Vicki Shanta Retelny, RDN

Vicki Shanta Retelny, RDN, is a nationally recognized lifestyle nutrition expert, culinary and media consultant, and writer. She is the author of The Essential Guide to Healthy Healing Foods and Total Body Diet for Dummies.

"Although both tempeh and tofu are both from soybeans and complete plant protein sources, they have very different textures and culinary applications. Tempeh is fermented, which gives it a probiotic advantage; however, I use tofu more often as it's readily accessible at most grocery stores. Tofu comes in many different textures like silken, firm, and extra-firm. I roast extra-firm tofu often and toss it into salads, soups, pasta, and grain bowls."

Patsy Catsos, MS, RDN, LD

Patsy Catsos is a medical nutrition therapist, FODMAP expert, and the author of The IBS Elimination Diet and Cookbook. She says that she keeps both tofu and tempeh on hand but finds herself reaching for the tofu more often because it has a less assertive flavor and lends itself to being used in a wider variety of recipes.

"Cup for cup, tofu is lower in calories and protein than tempeh. However, firm tofu is higher in calcium than the same amount of tempeh.

Tofu is almost always gluten-free, but some varieties of commercially made tempeh include gluten-containing grains. People with celiac disease or gluten sensitivity should verify the gluten status of tempeh before they consume it. Firm tofu and tempeh are typically well tolerated by people with digestive problems."

Anastasia Climan, RD

Anastasia Climan, RD, is a registered dietitian and medical writer. She includes plant-based proteins like tempeh and tofu as a regular part of her healthy eating plan.

"Both tempeh and tofu are excellent sources of vegetarian protein. As a fermented food, tempeh has unique health benefits for digestion that may be missing in tofu dishes. Tempeh's firmness means it's almost always used as a meat substitute, often with less than ideal cooking methods (like deep frying).

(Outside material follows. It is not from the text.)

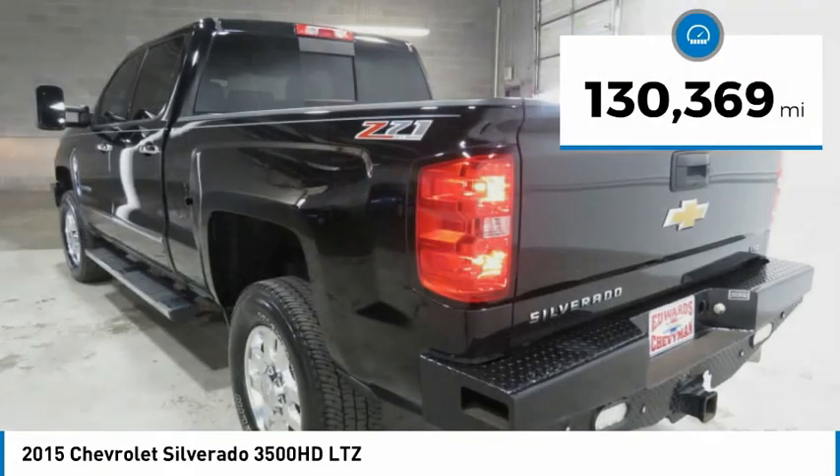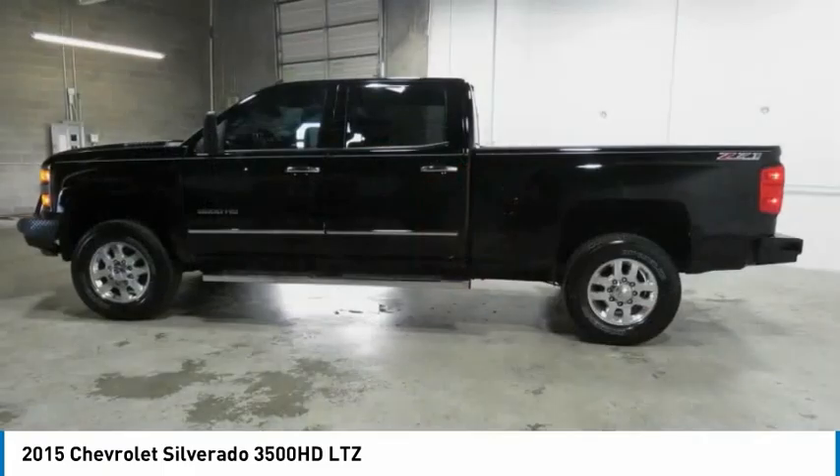This vehicle has less than 135,000 miles. Here are some of this vehicle's great options.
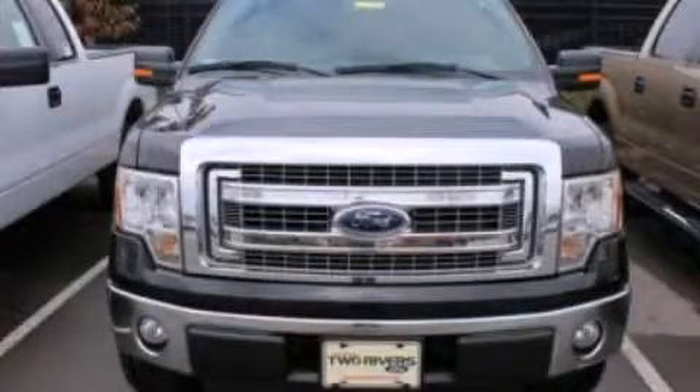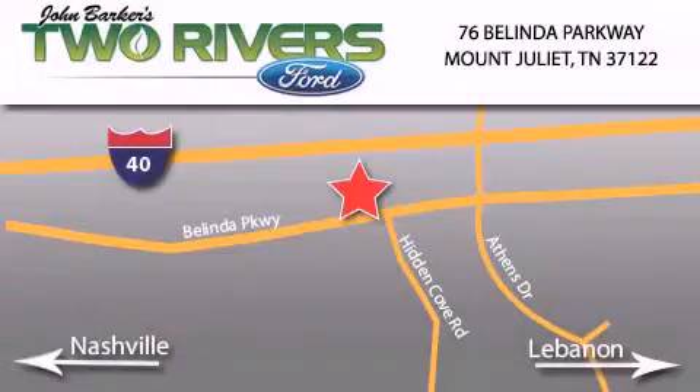We invite you to contact us today to learn more about this vehicle. Two Rivers Ford is located at 76 Belinda Parkway, I-40 exit 226 Mount Juliet Road at Providence. Our goal is to exceed all of your expectations to ensure that you'll return for future visits.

I find tofu a bit more versatile since it comes in a variety of textures, from soft to extra firm. Nutritionally, you can't go wrong either way, but I'd recommend opting for organic with all soy-based products to avoid GMOs and unnecessary contaminants."

Gena Hamshaw, RD

Gena is the founder of The Full Helping, a website that provides plant-based recipes and support for plant-based diets. She also works with companies like Nasoya, which makes products like tofu and kimchi.

"Tofu and tempeh are both great for a plant-forward diet. I enjoy baking and marinating tempeh, and I love to put it into salads and bowls. But tofu can't be beaten for its versatility. It's a staple in my house for everything from smoothies to scrambles, as well as soups and desserts.

Nasoya tofu is made with only three ingredients, and it's packed with healthful fatty acids, iron, and calcium. Tofu also contains plant compounds, or phytonutrients, that have been associated with reduced levels of inflammation in the body. This may be beneficial for immunity and fighting disease. Tofu is a great culinary "blank canvas," as it's neutral in flavor until you season or marinate it. And you can use tofu as you explore just about any flavor profile or type of cuisine."

A Word From Verywell

Tofu and tempeh are two nutritious soy products that may boost your protein intake, especially if you follow a plant-based diet. While registered dietitians can offer their take on each soy-based product, we encourage you to find what works best for your body and what you think tastes best.

As noted above, soy consumption can be controversial and may not be appropriate for all populations. If you are concerned about soy and your particular health needs, speak with your health care provider or a registered dietitian for individual guidance.